My first stab at writing Tom. It seems this was a month for exploration. In this month I've tried a new poetry style, a new writing style, and I've taken a stab at two charaters I've never written before. I'm a little proud of it all :)
Title: Easy to Blame the Dark
Rating: R
Character(s): Tom Riddle
Warnings: ambiguous cannibalism, references to previous character death
Author's Notes: Thanks to
arison for the wonderful beta job.
Dedication: To
Spessartine because I know you love Tom so. And to
bluerose16 because your Tom piece sparked the line from which this piece grew.
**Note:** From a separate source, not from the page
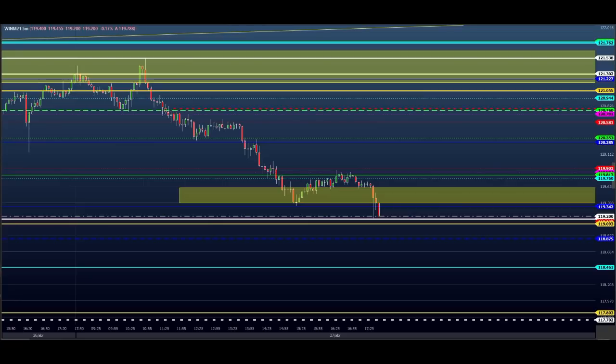Hoje foi um dia sensacional pra gente. Demorado, mas sensacional. E hoje também a gente teve o sorteio do Pix. Eu fiz o sorteio do valor que a gente ganhou na conta. Hoje a gente fez 5 mil reais na conta — 4.900 e poucos reais. Arredondei para 5 mil.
He tries to avoid mirrors. Not because of the mirror itself, but what lies within it. Because if he looks at the mirror he might see Him and His eyes scare him. They’re too wild too mesmerizing and he feels like they see right through him. He knows they see into him because He knows everything. But even without the piercing stare he knows he has too many secrets. They lie inside him like tiny little bombs waiting to explode. He knows he can’t keep them all quiet. One day they’ll go off. One by one they’ll shred his insides until his organs resemble the deep splatters of blood on her porcelain white skin. The image haunts his dreams and He laughs. He can hear Him from the bed.
He paints his face white to avoid looking at the darkness within. White on the outside means white on the inside. Except when it doesn’t. Except when the ghosts of his past deeds swell within him like a dark void waiting to swallow him whole. He remembers the slit the knife made in her chest. It was a lipsticked mouth begging for a kiss. And she was his crucifix.
Sometimes he thinks he’s losing it. He looks in the mirror. His face is reflected back at him but he can’t see that. One peek through the hands covering his eyes and He laughs. “You haven’t seen the best of it,” He says, “Just wait.” Deep within he knows He’s right. The darkness will swallow him whole.
It is easy to blame the dark: the mouth of a door,
The cellar's belly. They've blown my sparkler out.